Given entries.
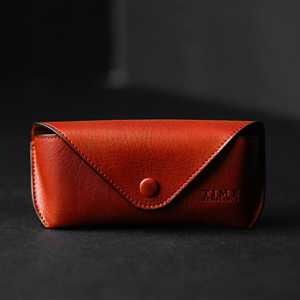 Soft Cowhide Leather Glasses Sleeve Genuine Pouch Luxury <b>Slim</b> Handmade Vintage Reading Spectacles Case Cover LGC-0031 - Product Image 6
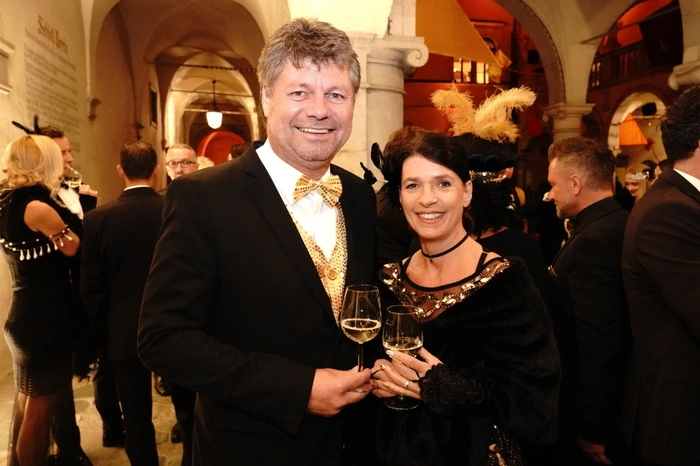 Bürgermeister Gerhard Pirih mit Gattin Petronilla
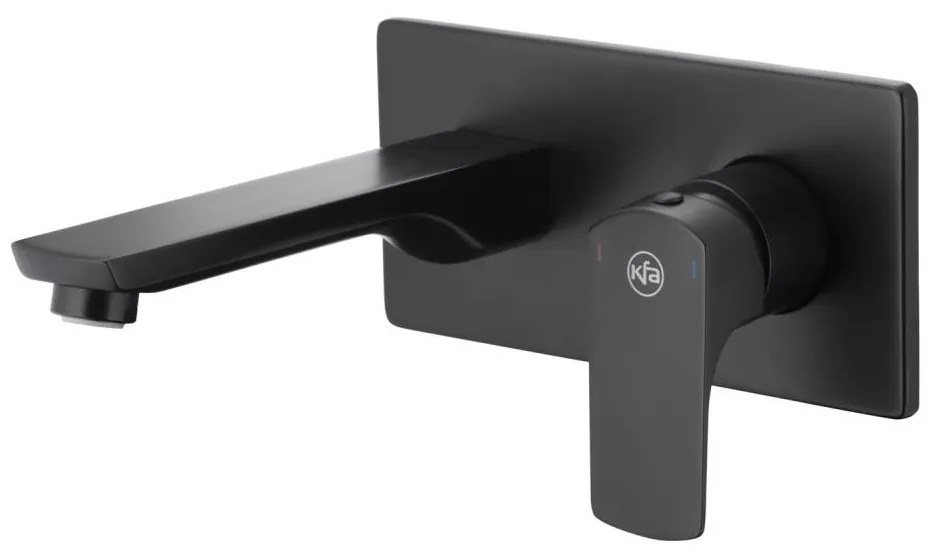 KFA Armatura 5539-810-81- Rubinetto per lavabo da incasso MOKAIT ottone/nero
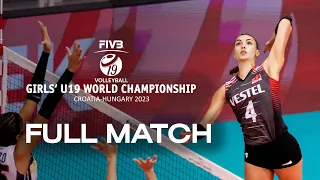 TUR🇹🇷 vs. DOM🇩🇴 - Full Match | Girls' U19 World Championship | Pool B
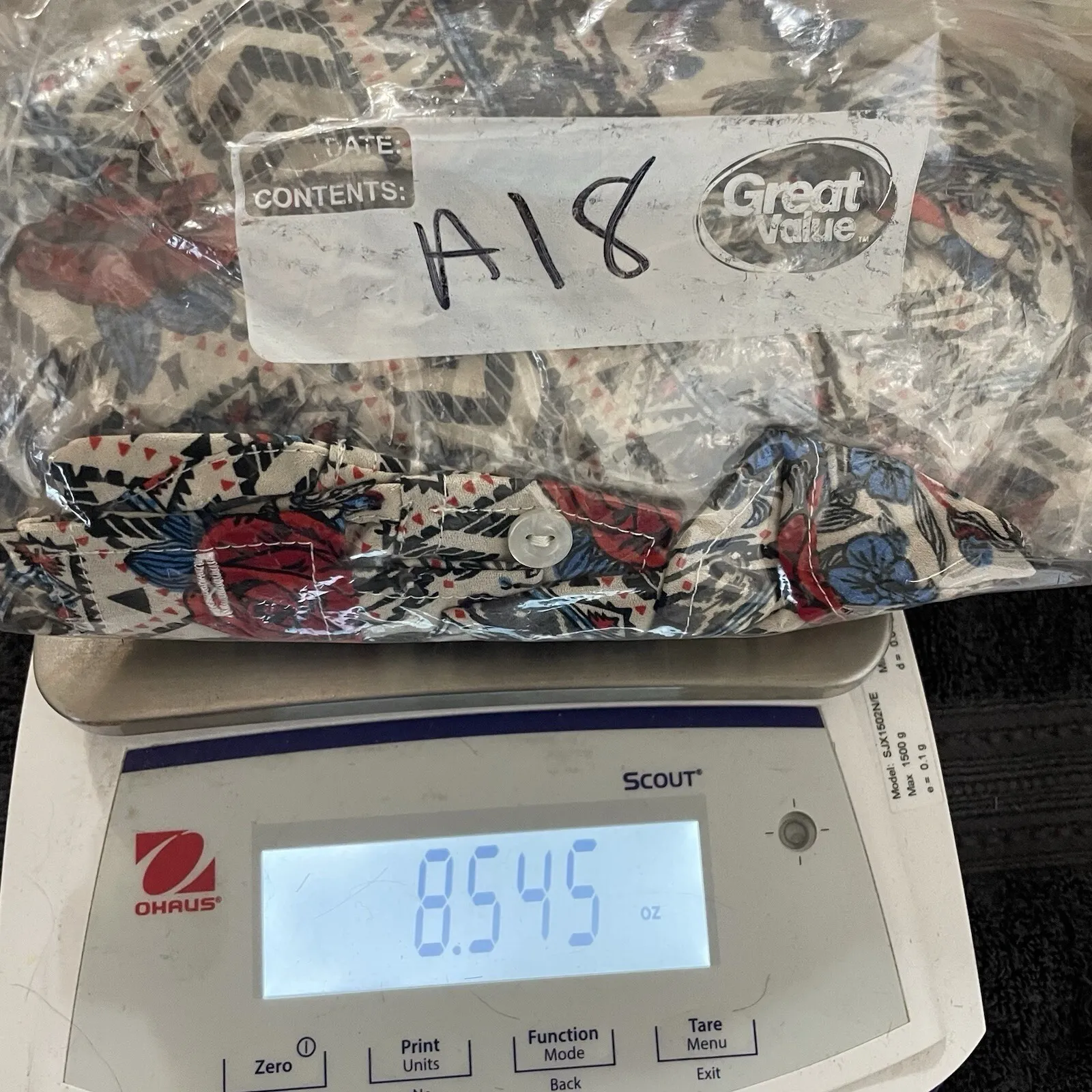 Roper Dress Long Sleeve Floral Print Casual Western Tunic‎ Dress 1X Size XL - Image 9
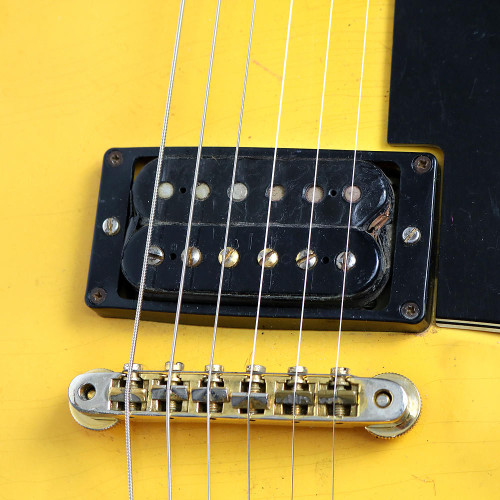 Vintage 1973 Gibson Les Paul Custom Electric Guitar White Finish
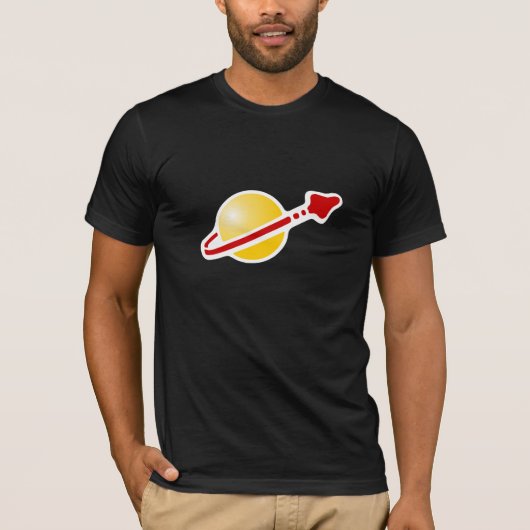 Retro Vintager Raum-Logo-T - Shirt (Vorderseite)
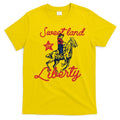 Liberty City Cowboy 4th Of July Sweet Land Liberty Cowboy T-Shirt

Assigned task. The line containing "KFA Armatura 5539-810-81- Rubinetto" and all lines after it, through the last line of the records, should be returned exactly. Omit the pictures.

Completed exercise.
 KFA Armatura 5539-810-81- Rubinetto per lavabo da incasso MOKAIT ottone/nero
 TUR🇹🇷 vs. DOM🇩🇴 - Full Match | Girls' U19 World Championship | Pool B
 Roper Dress Long Sleeve Floral Print Casual Western Tunic‎ Dress 1X Size XL - Image 9
 Vintage 1973 Gibson Les Paul Custom Electric Guitar White Finish
 Retro Vintager Raum-Logo-T - Shirt (Vorderseite)
 Liberty City Cowboy 4th Of July Sweet Land Liberty Cowboy T-Shirt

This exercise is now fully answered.